**Your instructions**
The required output is the exact run of lines from the one bearing "Conjunto 2 Flutes" through the final line of the listing below, with the pictures removed.
▶
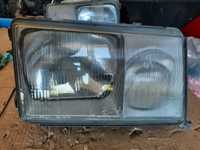 Lampa prawa Mercedes W124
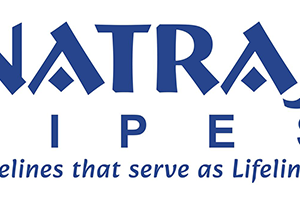 Natraj Pipes welcomes Mr. Sourav Ganguly to the Brand Family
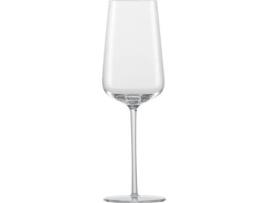 Conjunto 2 Flutes Vervino 77 ZWIESEL GLAS 290 ml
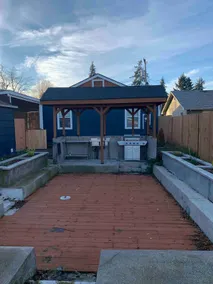 Quiet Convenient Cute 2 Bedroom Home - Image 2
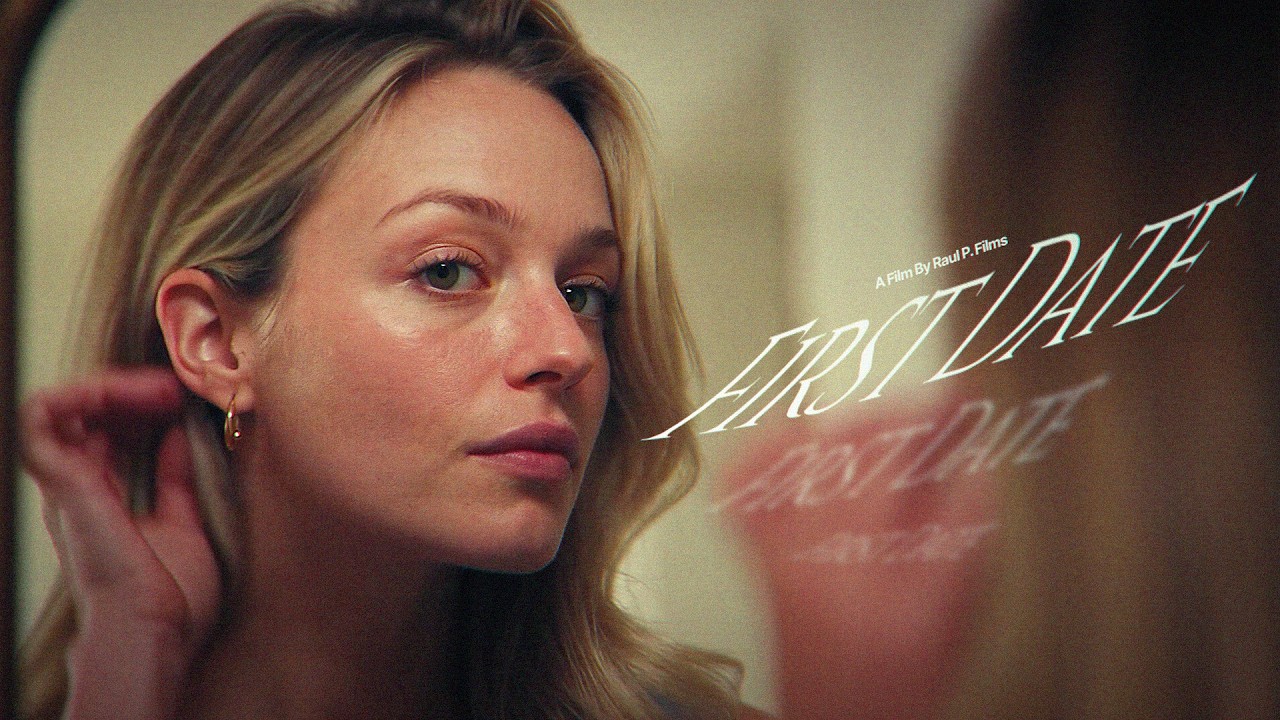 Still from FIRST DATE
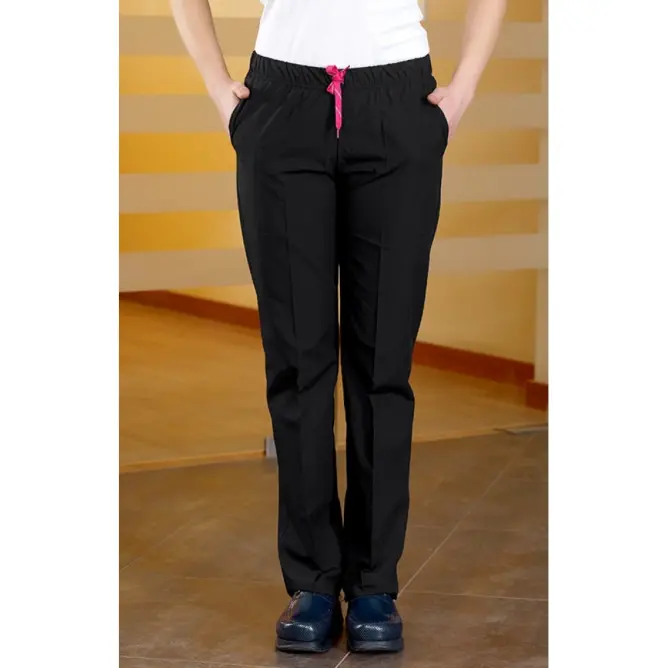 Tek Alt Pantolon (Alpaka Kumaş) - 5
◀
**Output of the exercise**
 Conjunto 2 Flutes Vervino 77 ZWIESEL GLAS 290 ml
 Quiet Convenient Cute 2 Bedroom Home - Image 2
 Still from FIRST DATE
 Tek Alt Pantolon (Alpaka Kumaş) - 5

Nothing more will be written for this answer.